Please come and sort out our security, end users beg the channel
Businesses are in the grip of a suffocating atmosphere of fear over the threat of hackers, DDoS, malware and internal threats, according to new survey by security vendor Check Point.
Despite the escalation of external threats, internal security is an increasingly common cause for concern says the vendor, with increasing incidences of data breaches in line with the growing complexity of security estates.
Of the 560 UK IT and infosecurity professionals quizzed by Check Point, 64 percent said that external attacks had increased significantly in the past 12 months. However, indirect internal data breaches are growing at a faster rate, it reported, as 57 percent have now reported an increased risk of internal data breaches, with the respondents blaming web and social media applications for the malaise.

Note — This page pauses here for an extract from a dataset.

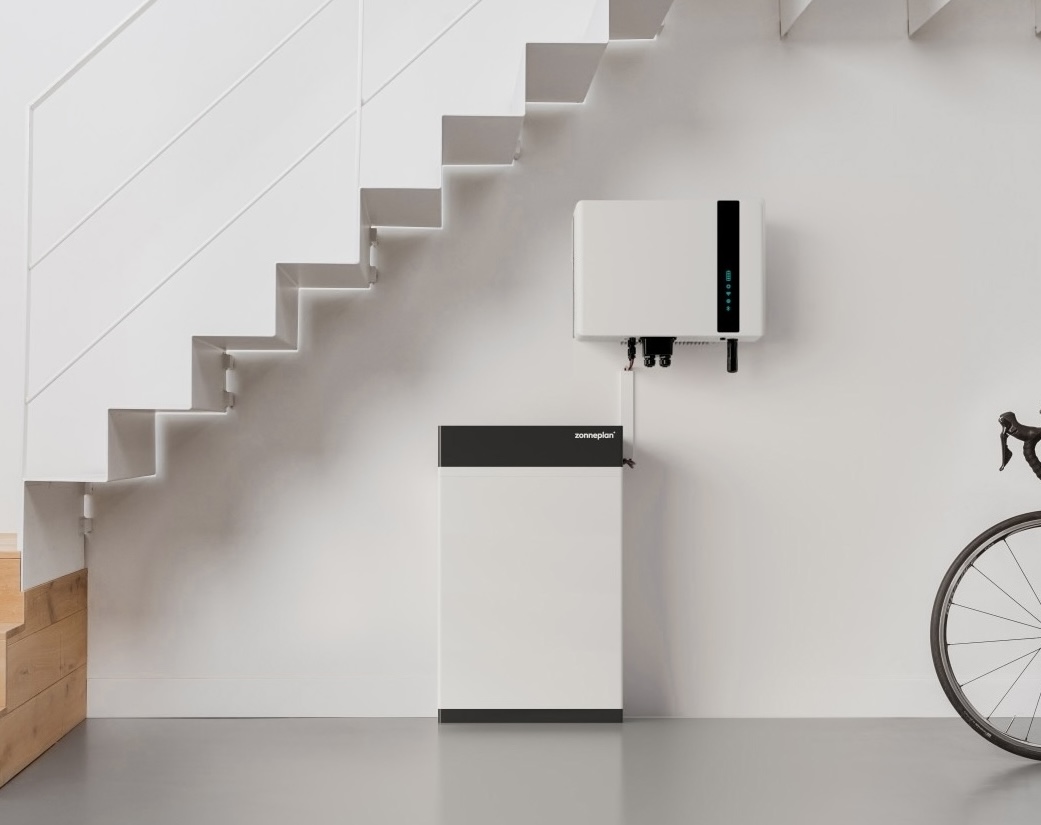 Een zonneplan thuisbatterij onder de trap met een fiets aan de rechterkant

Nearly half (42%) of the survey sample said security was now so complex it created a significant security risk of its own to their organisation and 40 percent of them expressed the view that simplifying their security estates would improve overall network and data protection.

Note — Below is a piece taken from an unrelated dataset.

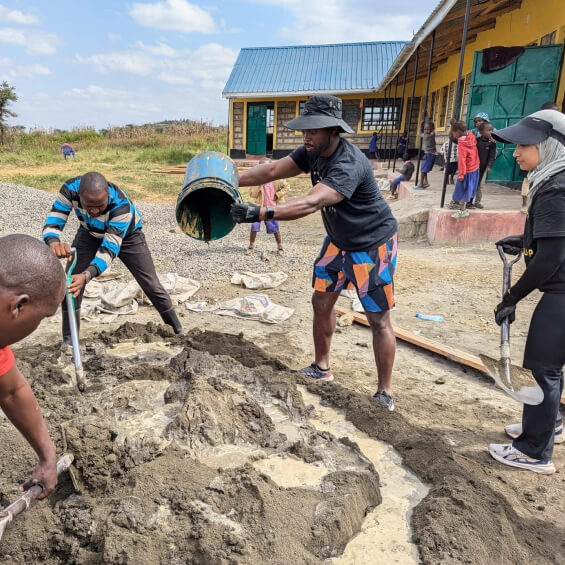 Workers building school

Security-conscious organisations are deploying more products to deal with a growing range of external and internal threats, but the complexity of networks, applications and security is neutralising their potency, explained Tom Davison, UK technical director for Check Point.
“It’s harder for IT teams to manage their security estates, so vulnerabilities are not addressed and employees inadvertently cause breaches,” said Davison.
This is creating demand for trusted advisors to simplify and manage security, he argued. “When the security solutions themselves are creating a risk, it’s vital that organisations rethink their approach to protecting their networks and data,” said Davison. “They need to simplify and consolidate security management and make it easier to establish security policies.”
There’s a viable demand for resellers who can create practices that employees can easily follow in order to curb the risk of attacks and breaches, he advised.
Among the most popular security measures mooted were setting up employee awareness programmes, use of data encryption on sensitive documents, locking down USB ports on PCs, restricting the use of social media and instant messaging, and using data leakage prevention (DLP).
A significant proportion are their own worst enemies with 42 percent admitting they had no clearly-defined security policies for staff concerning data handling.